Divergences and convergences between the two systems, which regulate safety and the mutual exchange of products

"In a market that is becoming global, American and European food laws are moving closer together as consumer choices converge. Research is increasingly aimed at quality food: when you taste something, you want to savor a country, a landscape”. This was the central reflection of the seminar held by Michael T. Roberts, University of California Los Angeles (UCLA) Faculty of Law professor and food law expert.

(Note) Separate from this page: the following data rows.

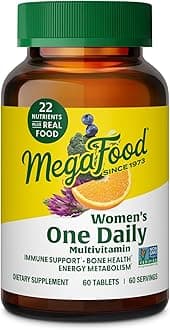 Womens Multivitamin One Daily - Multivitamin for Women - Vitamin C, Vitamin D, Iron & B Vitamins - Bone, Energy Metabolism & Immune Support - Vegetarian, GlutenFree - 60 Tablets, 60 Servings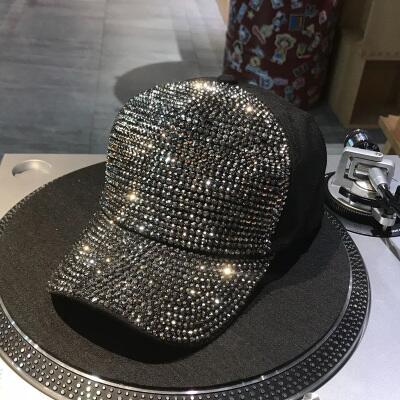 Cap with rhinestones and sequins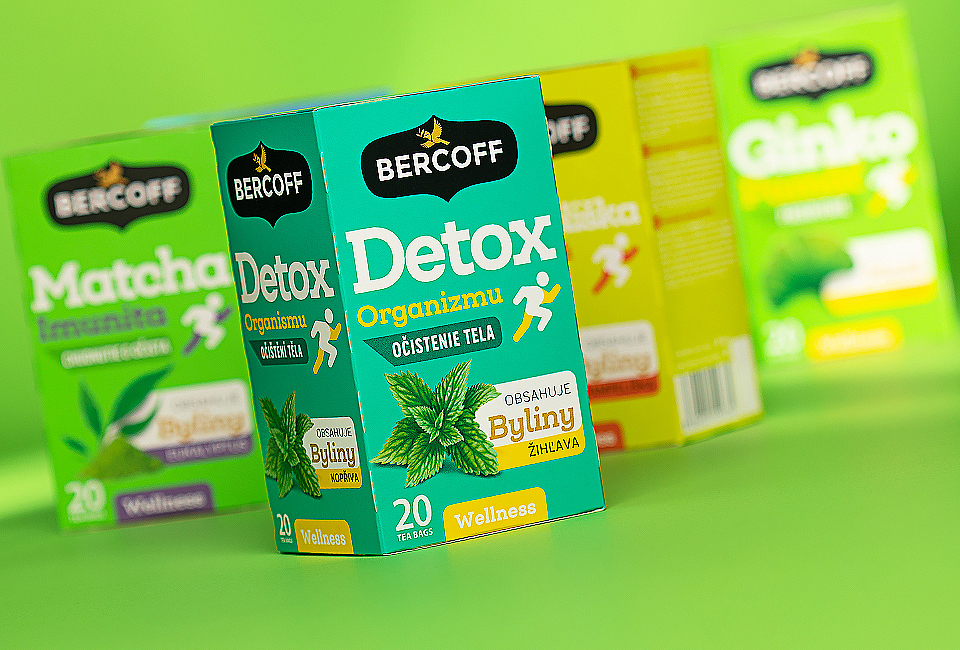 beroff detox tea packaging intro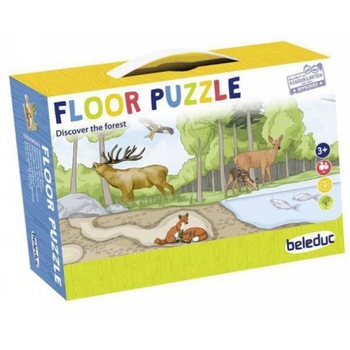 Puzzle de podea Beleduc Descopera padurea, 120 cm lungime, 40 de piese Puzzle de podea Beleduc Descopera padurea, 120 cm lungime, 40 de piese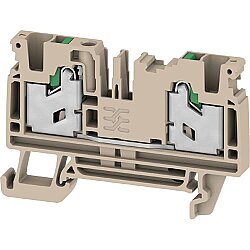 Through terminal block, snap-in, 4.0 mm², 32 A, 8 kV, dark beige, 2874820000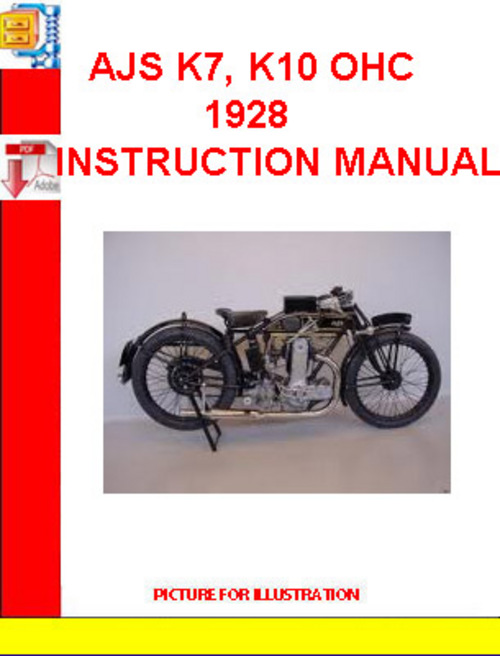 Product picture AJS K7, K10 OHC 1928 INSTRUCTION MANUAL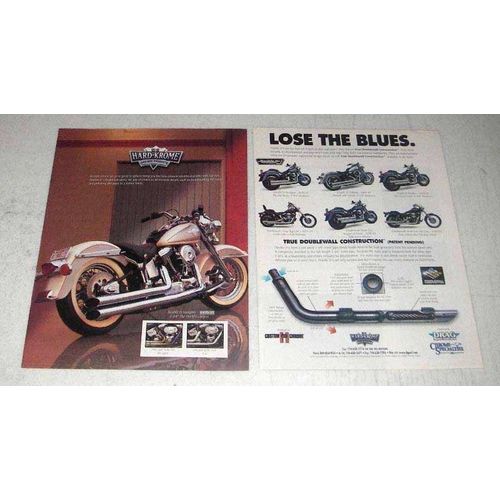 2001 Hard-Krome Double D's Doublewall Pipes Ad - Lose the Blues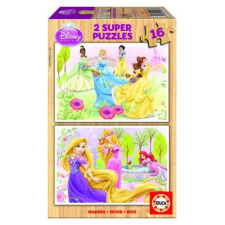 Educa Disney Hercegnők fa puzzle, 2x16 darabos puzzle, kirakós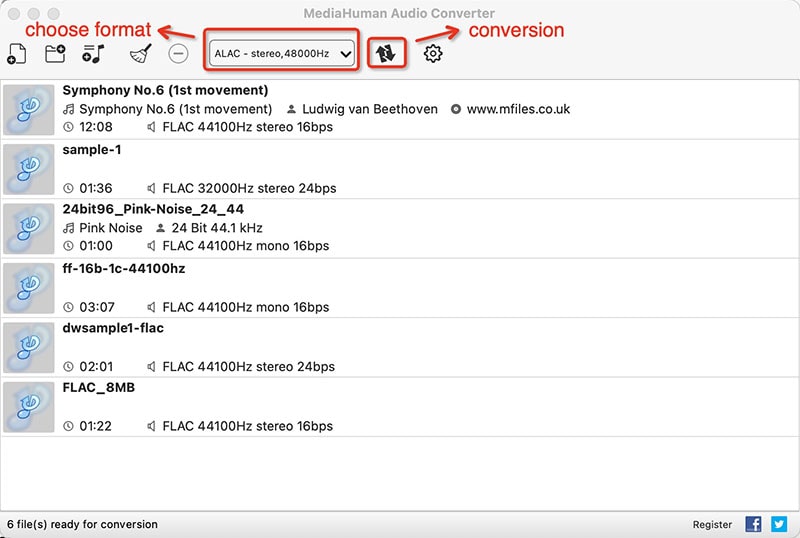 mediahuman flac to alac convert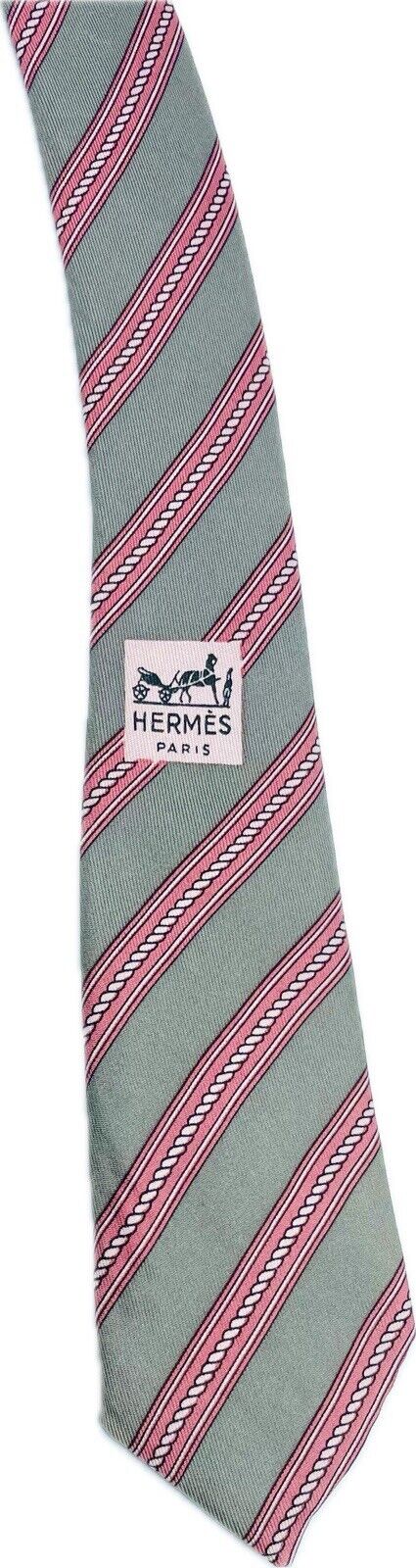 Hermès Paris Seidenkrawatte Herren Krawatten Binder Schlips Vintage Seide Retro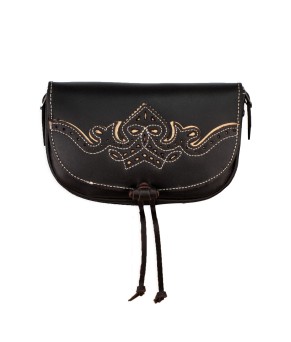 Bolso Rociero Ribete | Engrasado-beig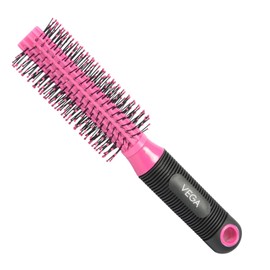 Vega Round Brush with Black Colored Handle and Brush Head (Color May Vary)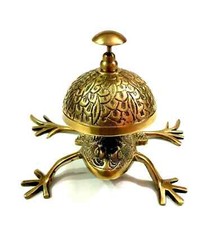 Campanello da banco in ottone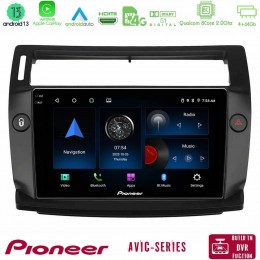 Pioneer Avic 8core Android13 4+64gb Citroen c4 2004-2010 Navigation Multimedia Tablet 9 (Μαύρο Χρώμα) u-p8-Ct0812b
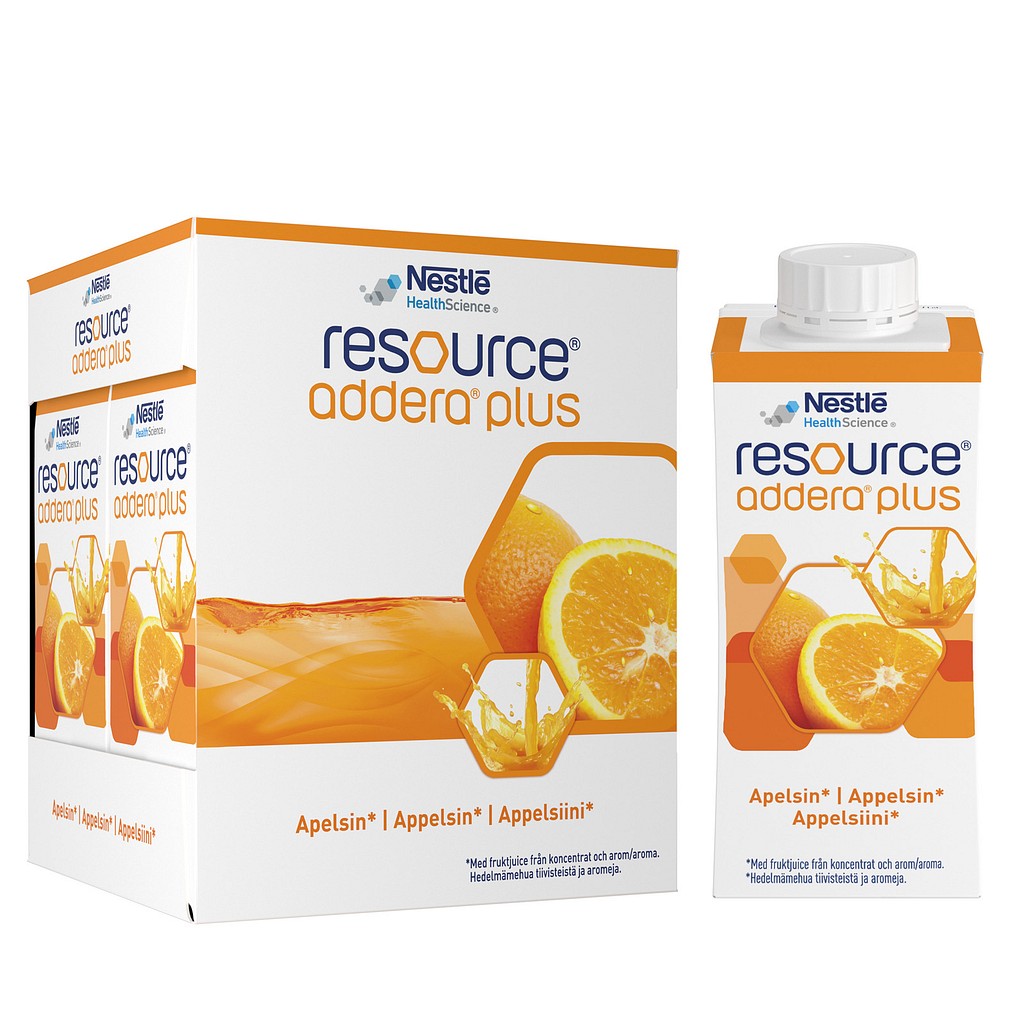 Resource Addera Plus, appelsin, 4x200ml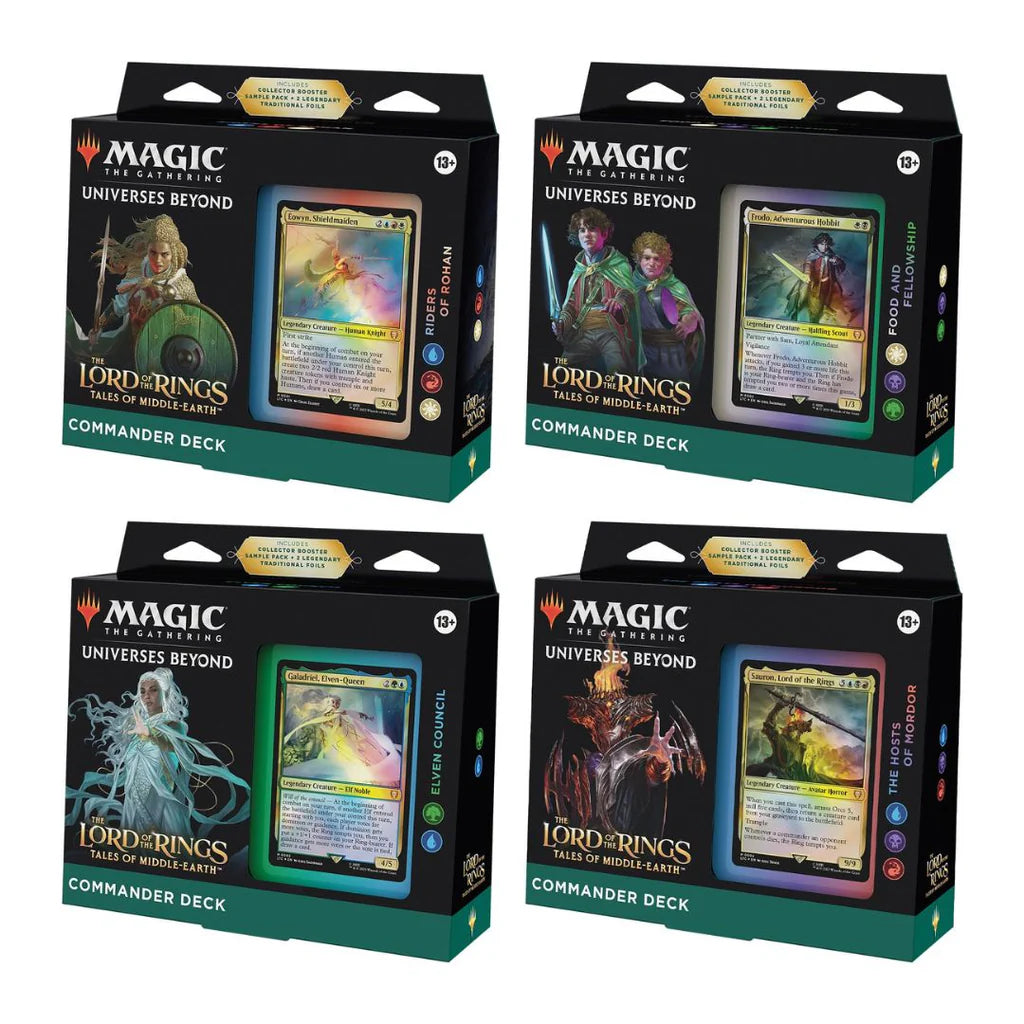 MTG Lord of the Rings Commander Deck Set of 4 — English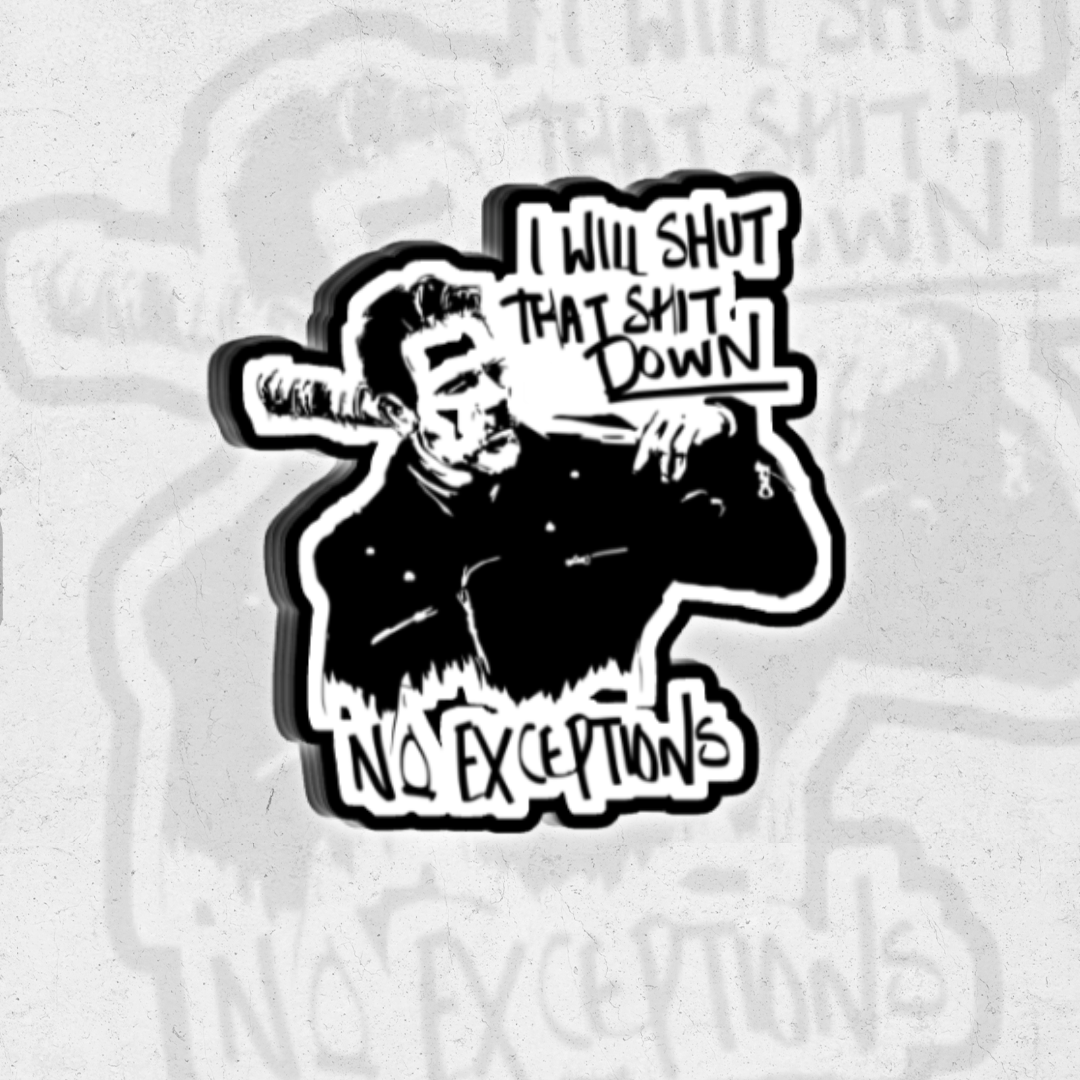 No Exception the Walking Dead - Holographic vinyl sticker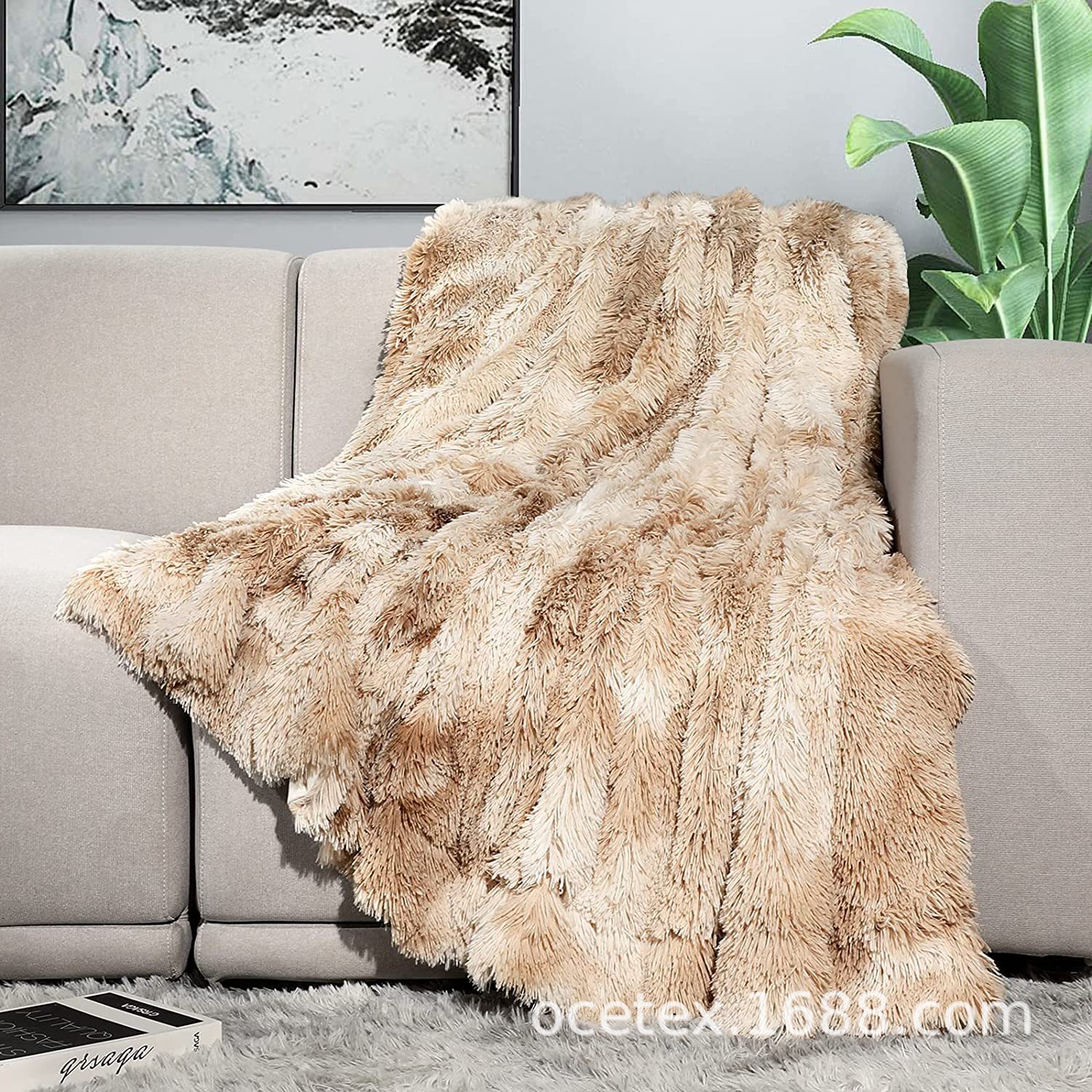 双面长毛绒毛毯柔软舒适超细纤维毛毯子高奢人造皮毛盖毯厂家批发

The meeting, which took place on Tuesday 11 February atUniversità Campus Bio-Medico di Roma (UCBM), was organized by prof Laura De Gara, Head of Studies in Food and Human Nutrition Sciences (SANU) of theUCBM, And from teacher. Francesco Bruno, of the University of Molise and professor of food law in the SANU Master's Degree Course of theUCBM. Legislation in the food and agronomic fields was born recently, even if it has distant origins. “In ancient Rome, as well as in the Middle Ages – Roberts said in his speech – food fraud was punished. This shows that attention to the problem has always been high”. Today, however, the areas in which a legislator moves are very different from each other and range from international trade, to the management of environmental problems (pollution, use of pesticides) or health, such as obesity, up to the criminalization of fraud .

Among other things, there is the need to create a dialogue between three worlds that speak the same thingingdifferent journey: that of consumers, that of legislators and that of scientists. A dialogue in which, obviously, companies are involved, with their economic interests, and politics, which actually makes the decisions. A communication problem that unites American and European legislation, divided, however, by cultural, political and legal differences. And to solve it, "there should be more room for collaboration”, suggested the American Professor. Another important aspect that divides American legislation from European legislation and on which, according to Roberts, it will be difficult to meet except in small steps, concerns the free market. “The US farming system is highly industrialized. At European level – explained the expert – small farms are also widespread, which among other things now export all over the world”. This means that European legislation, according to Roberts, "it will be difficult to give up the high levels of bureaucratization and the high taxation of products to open up to a truly free market, also because – he underlined – while in Europe there is a high level of food traceability, in the USA it is difficult to trace the origin or destination of those on the market”. In any case, Roberts concluded, “the consumer has the possibility to choose among thousands of products and therefore regulate the market".